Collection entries
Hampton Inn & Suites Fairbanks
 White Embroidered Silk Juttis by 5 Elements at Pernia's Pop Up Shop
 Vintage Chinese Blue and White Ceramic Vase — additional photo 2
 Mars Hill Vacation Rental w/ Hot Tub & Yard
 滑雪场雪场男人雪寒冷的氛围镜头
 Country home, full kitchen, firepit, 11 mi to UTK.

What you need to do
The answer should consist only of the lines from the one with "Vintage Chinese Blue" to the final line of the records above, retyped word for word.

Output of the task
 Vintage Chinese Blue and White Ceramic Vase — additional photo 2
 Mars Hill Vacation Rental w/ Hot Tub & Yard
 滑雪场雪场男人雪寒冷的氛围镜头
 Country home, full kitchen, firepit, 11 mi to UTK.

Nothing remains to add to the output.